= WHAT THE EXERCISE ASKS =
Pictures stay out of the copy, and everything else in the data below is repeated exactly.
[SOURCE DATA Boundary: Start]
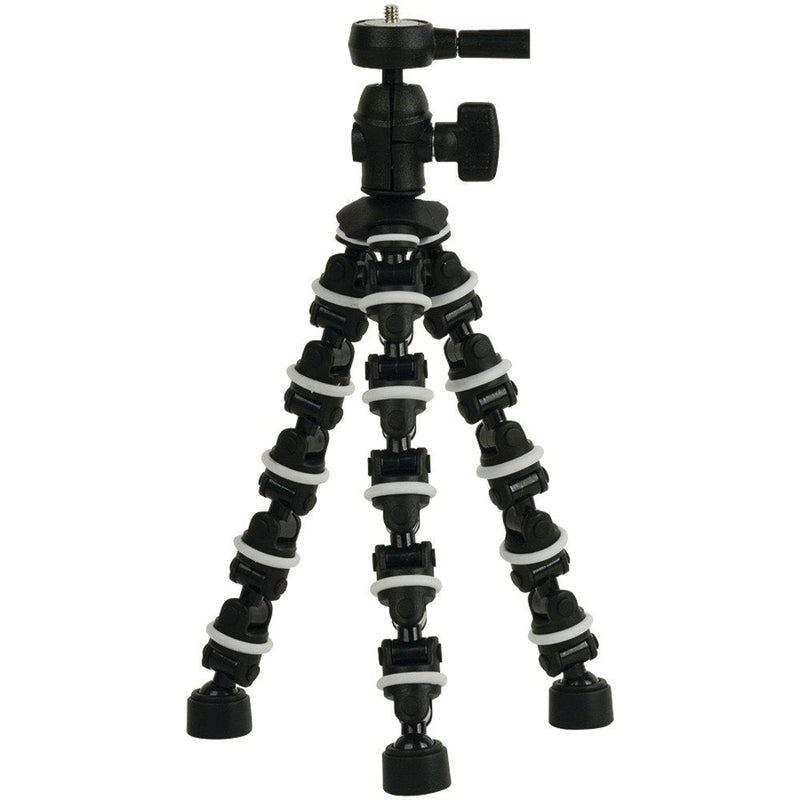  [AUSTRALIA] - Targus Grypton Tripod for Camera, Large (TG-GT8010)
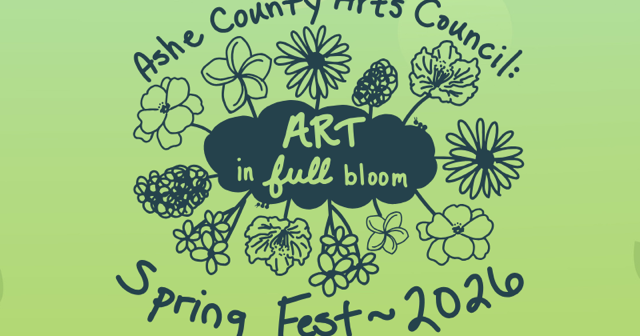 Arts Council celebrates 40 years of Spring Fest | Arts And ...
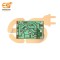 12v 600ma Dc Output Power Supply Circuit Board 43mm X 28mm X 16mm (Ac to Dc)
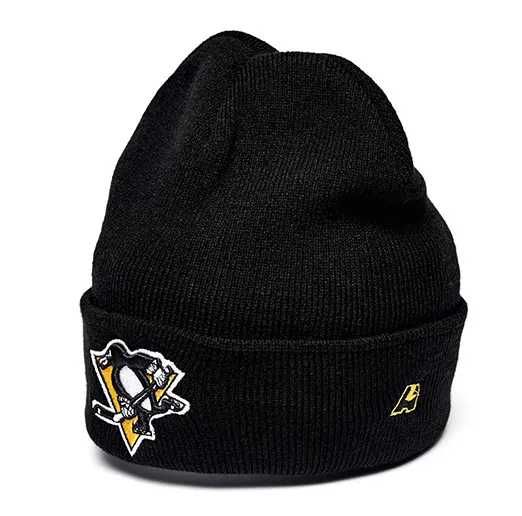 Шапка Pittsburgh Penguins, арт. 59052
[SOURCE DATA Boundary: End]
= EXERCISE OUTPUT =
  [AUSTRALIA] - Targus Grypton Tripod for Camera, Large (TG-GT8010)
 Arts Council celebrates 40 years of Spring Fest | Arts And ...
 12v 600ma Dc Output Power Supply Circuit Board 43mm X 28mm X 16mm (Ac to Dc)
 Шапка Pittsburgh Penguins, арт. 59052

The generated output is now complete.